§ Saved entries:
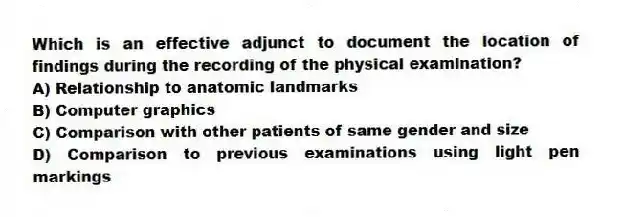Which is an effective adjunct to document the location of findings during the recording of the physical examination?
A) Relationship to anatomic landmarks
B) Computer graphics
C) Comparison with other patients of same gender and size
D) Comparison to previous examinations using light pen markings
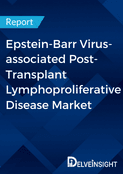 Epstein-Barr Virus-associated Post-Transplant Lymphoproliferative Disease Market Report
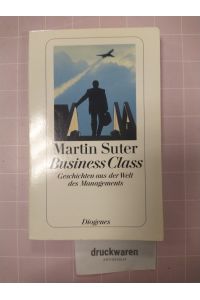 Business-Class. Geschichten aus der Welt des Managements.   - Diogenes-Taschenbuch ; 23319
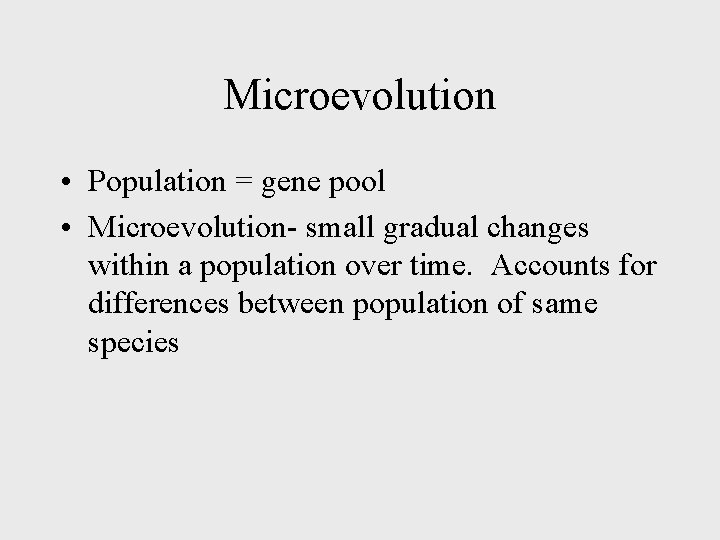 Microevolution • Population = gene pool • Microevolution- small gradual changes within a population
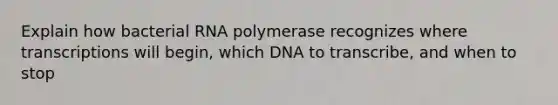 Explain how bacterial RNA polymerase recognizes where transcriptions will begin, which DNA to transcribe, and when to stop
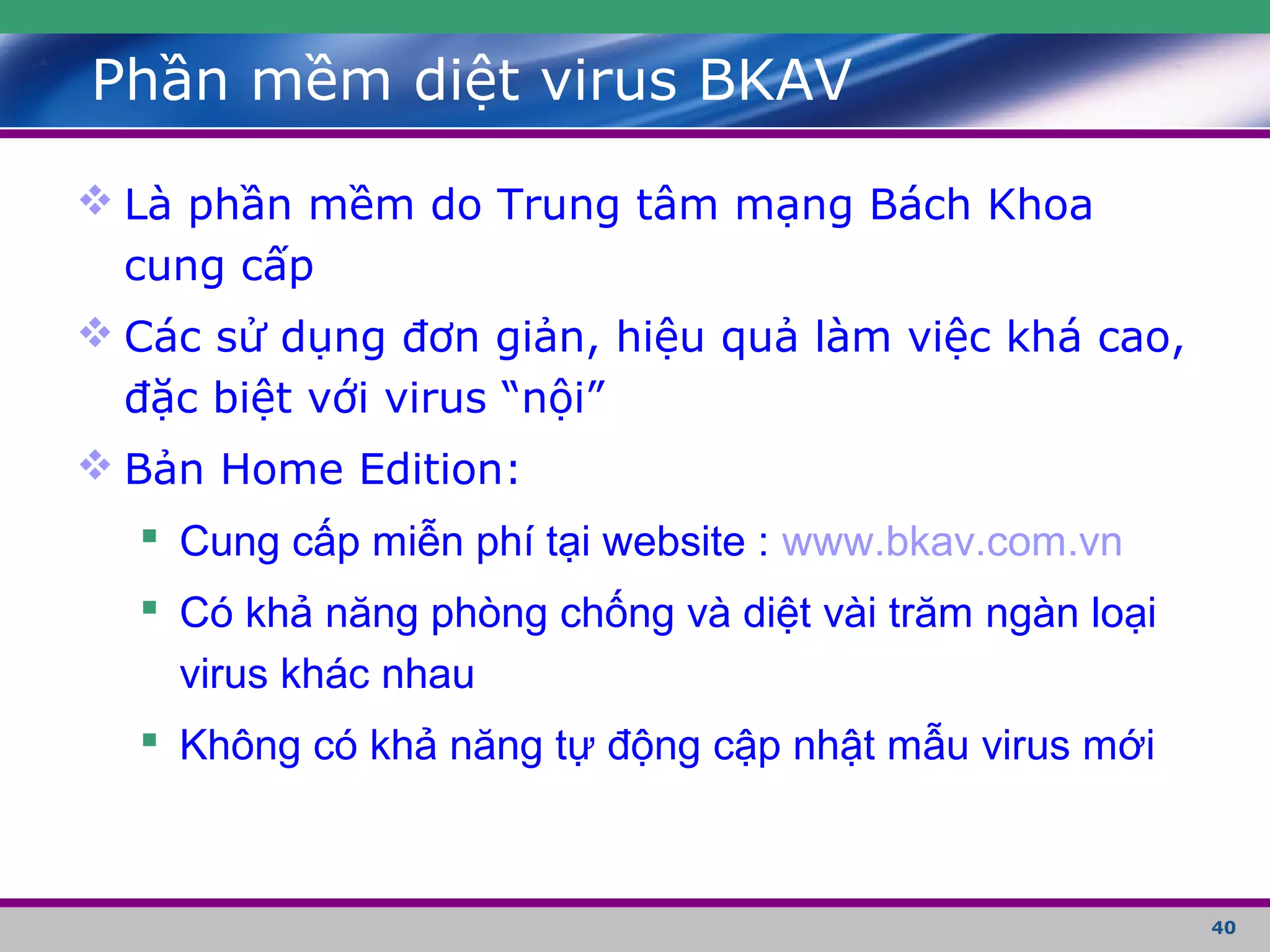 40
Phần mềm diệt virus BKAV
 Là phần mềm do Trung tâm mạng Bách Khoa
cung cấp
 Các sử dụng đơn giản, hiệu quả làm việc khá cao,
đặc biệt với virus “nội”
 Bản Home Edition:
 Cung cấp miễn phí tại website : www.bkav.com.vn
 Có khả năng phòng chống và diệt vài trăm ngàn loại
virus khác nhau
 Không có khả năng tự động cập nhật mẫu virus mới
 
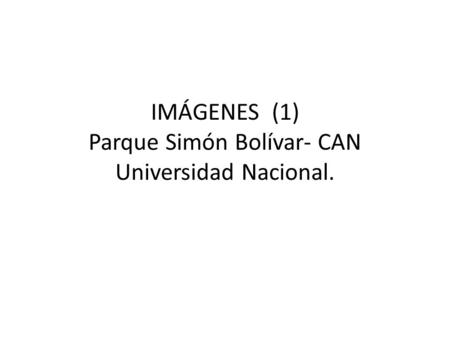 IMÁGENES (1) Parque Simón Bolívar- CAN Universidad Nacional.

§ WORK ORDER: Beginning with the line above that contains "Epstein-Barr Virus-associated Post-Transplant" and ending with the line that contains "mẫu virus mới", quote each line exactly, keeping out the pictures.

§ REPLY:
 Epstein-Barr Virus-associated Post-Transplant Lymphoproliferative Disease Market Report
 Business-Class. Geschichten aus der Welt des Managements.   - Diogenes-Taschenbuch ; 23319
 Microevolution • Population = gene pool • Microevolution- small gradual changes within a population
 Explain how bacterial RNA polymerase recognizes where transcriptions will begin, which DNA to transcribe, and when to stop
 40
Phần mềm diệt virus BKAV
 Là phần mềm do Trung tâm mạng Bách Khoa
cung cấp
 Các sử dụng đơn giản, hiệu quả làm việc khá cao,
đặc biệt với virus “nội”
 Bản Home Edition:
 Cung cấp miễn phí tại website : www.bkav.com.vn
 Có khả năng phòng chống và diệt vài trăm ngàn loại
virus khác nhau
 Không có khả năng tự động cập nhật mẫu virus mới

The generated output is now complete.